Thank you for this chance to discuss the critical issue of reducing the risks of disasters in Small Island Developing States. I am pleased to see representatives from those countries and others who know that this issue is a matter of life and death.
I like to use the metaphor of "canaries in the coal-mine". We must learn to listen the voices from the Small Island Developing States. Salt water is permeating their fresh water supplies. These are existential issues. We usually ask "what is Plan B". Here, there is no "Planet B".
One of the most stark and heart-breaking examples was the massive 2010 earthquake in Haiti. After decades of environmental destruction, political instability and uneven or lack of investments in education and health a huge earthquake struck the country. The staggering human suffering was compounded by a loss of some 15 percent of Haiti’s GDP.
That same year, Cyclone Evan cost Samoa one third of its annual economic output. Over a decade, Jamaica’s annual losses equalled about two and a half per cent of its average annual investment, mostly from hurricanes.
The human, but also the business case, for action is clear.
When a disaster strikes, the immediate damage is just the first problem. Over time, the affected areas will have to cope with lasting economic shocks. On average, a country’s debt-to-GDP ratio increases almost 25 percentage points in the three years following a disaster. For small island developing states, recurrent disasters deepen debt. Governments spend so much rebuilding, that they cannot provide the same level of basic services to their citizens. This is causes social and individual problem.
If we are ever to attain sustainable development, we must address disaster and climate risks, especially in Small Island Developing States.
The Third International Conference on Small Island Developing States next year in Samoa offers an important opportunity to build political commitment, launch partnerships and take action. I hope that disaster risk reduction and disaster management will receive due attention.
Our discussions today, the conference in Samoa and other dialogues on the risks facing small island developing States can contribute to the global process of forging a vision for the post-2015 development agenda. Poor people are disproportionately affected, so this must be included in the development agenda.
In this effort, we should draw on lessons from the past to forge a safer future.

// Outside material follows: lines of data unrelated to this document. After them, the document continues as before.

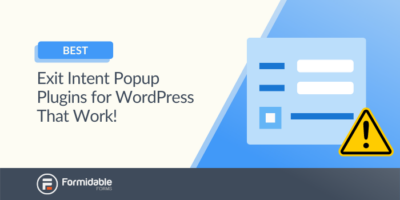 ออกจาก Intent Popup Plugins สำหรับ WordPress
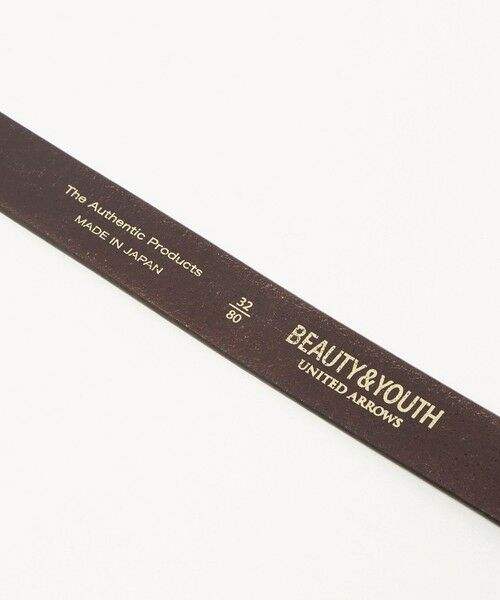 BEAUTY&YOUTH UNITED ARROWS / ビューティー&ユース ユナイテッドアローズ ベルト・サスペンダー | グロッシー レザー ベルト 28mm | 詳細8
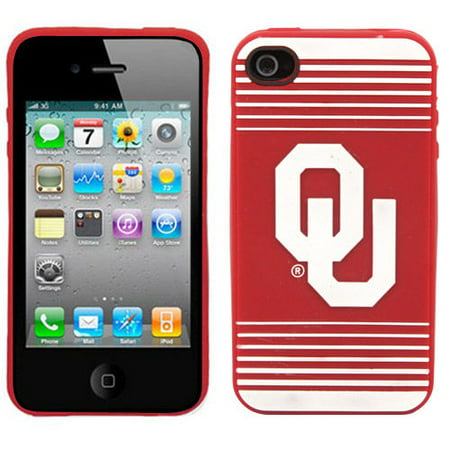 Oklahoma Sooners Team Logo Silicone iPhone 4/4S Case - Crimson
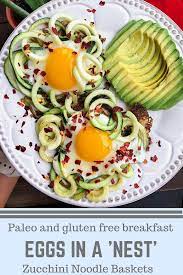 Zucchini Noodle Egg Baskets Choosing Balance Recipe Healthy Paleo Breakfast Paleo Breakfast Easy Healthy Breakfast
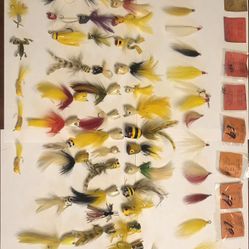 Vintage Hand Painted  Fly Fishing Lures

At the same time, we cannot wait for full agreement on the next sustainable development agenda to strengthen collaboration between Small Island Developing States and their development partners.

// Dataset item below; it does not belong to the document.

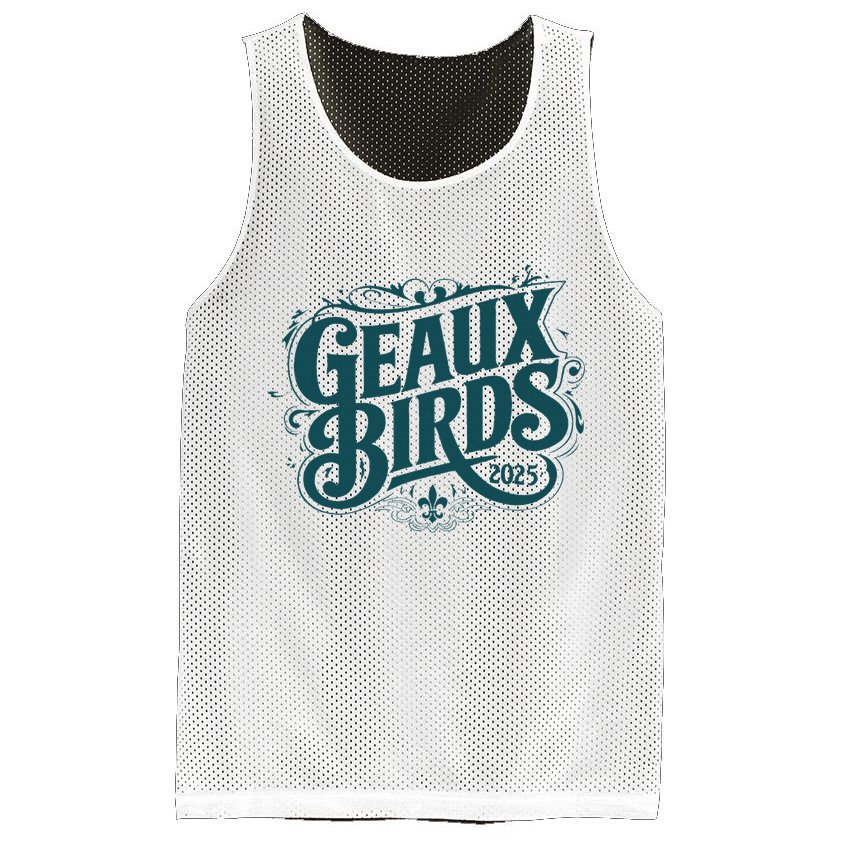 Geaux Birds 2025 Mesh Reversible Basketball Jersey Tank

A renewed global partnership must aim to help countries manage multiple risks so that they can pursue inclusive economic growth, social development and environmental sustainability.

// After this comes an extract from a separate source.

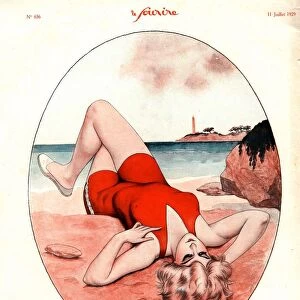 Le Sourire 1929 1920s France holidays glamour sunbathing seaside womens swimwear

Last year’s Rio+20 UN Conference on Sustainable Development reaffirmed the special development needs of these countries.
They suffer disproportionately from the effects of climate change – and they deserve additional assistance. They collectively contribute less than 1 per cent of total carbon dioxide emissions. But ironically, losses from climate-related disasters may affect their entire economy and territory, in fact endanger their very existence.
Since small island development States are on the frontlines of the climate crisis, I expect their situation will be at the top of the agenda at the Samoa Conference. We have to assist vulnerable countries in building resilience to the effects of climate change.
The business community can help strengthen the economies of small island developing States. They make major investments which can and should be targeted to also address risks.
When we think of small island developing States many of us imagine paradise. The post card pictures. That is why they attract so many tourists looking for tranquillity and life at the sea side. Governments should work with business to promote investments in tourism which address risk and support sustainable development, including employment opportunities.
Small island developing States have paid close attention to climate change and disaster risk for decades. Their leaders and people knew that these issues were important long before they rose to the top of the global agenda.
I count on small island developing States to continue to lead the way with ideas, innovation and energy to strengthen partnerships that benefit everybody. And we must listen to them.